FASHION NEWS: Fashion-watchers and pop-culture enthusiasts.(MOYOADVERTS)

Every year the Met Gala in New York City captures the attention of fashion-watchers and pop-culture enthusiasts.
This year, technology enthusiasts, engineering aficionados and manufacturing fans should pay attention too.
Fashion designer Zac Posen worked with GE Additive and Protolabs to create fashion pieces not stitched together by traditional dressmaking artisans but built and cured by 3D printers.
The theme of this year’s fundraiser for the Metropolitan Museum of Art’s Costume Institute is “camp,” a concept that’s admittedly a bit difficult to describe. It pays homage to Susan Sontag and her 1964 essay, “Notes on Camp.” At the time, she described camp as being the “love of the unnatural: of artifice and exaggeration.”
The camp theme served as a means to push a collaboration of the three unlikely partners, but Posen said working with printing has been something he has wanted to do his whole life.
“I dreamt it, GE Additive engineered it and came up with how these were going to actually happen. And then Protolabs printed it,” Posen said in an interview at his New York office.


It was the day after the 2018 Met Gala when the fashion designer had lunch with Linda Boff, GE’s chief marketing officer, and his imagination started churning.
“We flew to Pittsburgh to see a printing facility, and learned about plastics and polymers and polyamides and all these different materials,” Posen explained. “Then I started to learn with different materials what was possible, what’s not possible. And really the answer is, almost everything is possible.”
Brian Peters, Protolabs’ chief marketing officer, said, “GE then took his vision and helped produce the CAD [computer-aided design] files, what’s needed for us to be able to produce the dress.” Protolabs uses “a lot of GE equipment and we have the expertise and design capabilities to actually produce the various items that you’ll see in these dresses and pieces.”
Twelve months — and much draping, sketching, 3D-body scanning, computer engineering and manufacturing later — five celebrities walked the red carpet at the 2019 Met Gala on Monday in the custom 3D-printed designs. Posen and two other men wore cufflinks and accessories.

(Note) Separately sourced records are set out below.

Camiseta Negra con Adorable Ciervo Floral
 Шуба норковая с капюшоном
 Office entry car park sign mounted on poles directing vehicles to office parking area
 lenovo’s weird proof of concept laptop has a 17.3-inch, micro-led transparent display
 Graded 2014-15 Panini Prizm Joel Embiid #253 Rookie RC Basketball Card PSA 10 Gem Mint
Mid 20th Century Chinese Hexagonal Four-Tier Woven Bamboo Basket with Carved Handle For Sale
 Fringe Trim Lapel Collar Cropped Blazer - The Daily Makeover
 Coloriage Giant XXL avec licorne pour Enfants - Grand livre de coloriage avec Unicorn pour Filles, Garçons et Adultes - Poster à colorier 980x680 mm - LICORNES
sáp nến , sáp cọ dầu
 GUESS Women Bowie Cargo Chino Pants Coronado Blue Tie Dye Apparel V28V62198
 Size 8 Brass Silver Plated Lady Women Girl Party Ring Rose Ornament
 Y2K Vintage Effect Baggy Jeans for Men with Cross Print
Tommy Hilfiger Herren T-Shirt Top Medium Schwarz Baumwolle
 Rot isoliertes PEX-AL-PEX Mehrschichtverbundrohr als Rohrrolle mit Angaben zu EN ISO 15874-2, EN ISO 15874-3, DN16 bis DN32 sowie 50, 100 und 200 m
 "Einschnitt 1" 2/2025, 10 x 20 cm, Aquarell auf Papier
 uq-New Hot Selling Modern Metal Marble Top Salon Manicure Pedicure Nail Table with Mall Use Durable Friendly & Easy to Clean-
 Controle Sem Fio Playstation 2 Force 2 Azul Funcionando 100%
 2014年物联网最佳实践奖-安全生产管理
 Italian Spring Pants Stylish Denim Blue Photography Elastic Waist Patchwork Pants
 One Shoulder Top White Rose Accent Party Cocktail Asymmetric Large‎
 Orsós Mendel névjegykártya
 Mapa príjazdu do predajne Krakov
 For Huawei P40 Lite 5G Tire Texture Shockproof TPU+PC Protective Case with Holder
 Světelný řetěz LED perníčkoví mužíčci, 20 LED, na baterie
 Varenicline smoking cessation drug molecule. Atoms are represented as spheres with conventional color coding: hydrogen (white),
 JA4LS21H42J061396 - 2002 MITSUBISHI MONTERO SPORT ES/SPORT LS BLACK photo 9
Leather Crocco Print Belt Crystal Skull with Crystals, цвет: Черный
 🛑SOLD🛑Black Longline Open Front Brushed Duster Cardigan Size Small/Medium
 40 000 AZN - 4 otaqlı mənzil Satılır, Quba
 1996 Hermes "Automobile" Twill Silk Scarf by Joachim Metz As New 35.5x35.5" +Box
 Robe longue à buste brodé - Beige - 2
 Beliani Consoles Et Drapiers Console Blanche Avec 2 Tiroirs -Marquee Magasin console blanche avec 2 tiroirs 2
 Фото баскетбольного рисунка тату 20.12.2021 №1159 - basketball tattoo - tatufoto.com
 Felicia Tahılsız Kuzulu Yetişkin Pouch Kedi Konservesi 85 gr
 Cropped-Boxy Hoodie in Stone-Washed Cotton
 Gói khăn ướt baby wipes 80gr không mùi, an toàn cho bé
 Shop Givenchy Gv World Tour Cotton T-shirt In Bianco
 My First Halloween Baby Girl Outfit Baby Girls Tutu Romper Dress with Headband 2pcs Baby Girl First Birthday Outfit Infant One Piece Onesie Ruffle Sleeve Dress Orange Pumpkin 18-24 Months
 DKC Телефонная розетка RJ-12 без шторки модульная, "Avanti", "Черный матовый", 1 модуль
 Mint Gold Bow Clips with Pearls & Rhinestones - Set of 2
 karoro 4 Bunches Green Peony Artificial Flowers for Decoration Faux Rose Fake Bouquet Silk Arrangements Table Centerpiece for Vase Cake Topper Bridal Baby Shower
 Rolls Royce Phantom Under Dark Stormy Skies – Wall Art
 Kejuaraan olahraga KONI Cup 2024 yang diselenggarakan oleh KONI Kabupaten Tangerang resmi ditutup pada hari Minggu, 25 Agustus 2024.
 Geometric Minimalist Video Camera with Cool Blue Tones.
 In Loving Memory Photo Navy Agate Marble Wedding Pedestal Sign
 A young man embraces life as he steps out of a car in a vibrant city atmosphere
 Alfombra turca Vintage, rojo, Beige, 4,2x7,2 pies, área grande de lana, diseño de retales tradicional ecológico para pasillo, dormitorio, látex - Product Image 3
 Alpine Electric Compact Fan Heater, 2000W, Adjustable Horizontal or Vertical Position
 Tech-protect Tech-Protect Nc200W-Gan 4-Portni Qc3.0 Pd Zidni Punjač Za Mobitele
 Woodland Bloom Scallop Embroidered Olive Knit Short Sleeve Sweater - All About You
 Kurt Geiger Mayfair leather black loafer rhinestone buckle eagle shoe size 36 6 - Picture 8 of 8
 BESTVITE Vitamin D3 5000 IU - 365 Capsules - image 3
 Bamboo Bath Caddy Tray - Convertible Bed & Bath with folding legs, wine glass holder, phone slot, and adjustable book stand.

The 37 petals on model Jourdan Dunn’s “rose dress” took more than 1,100 hours to print at Protolabs’ North Carolina facility. Posen said the first petal prototype was a little heavy, and the trio had to work together to figure out not only how to reduce the weight by around 20% but also add a buttress underneath to help support each on the titanium frame. The designer said the team used the actual structure of a rose to help figure out how to hold the forms and ultimately shortened the dress for more organic movement. Even with those adjustments, only 21 of the petals made it to the red carpet.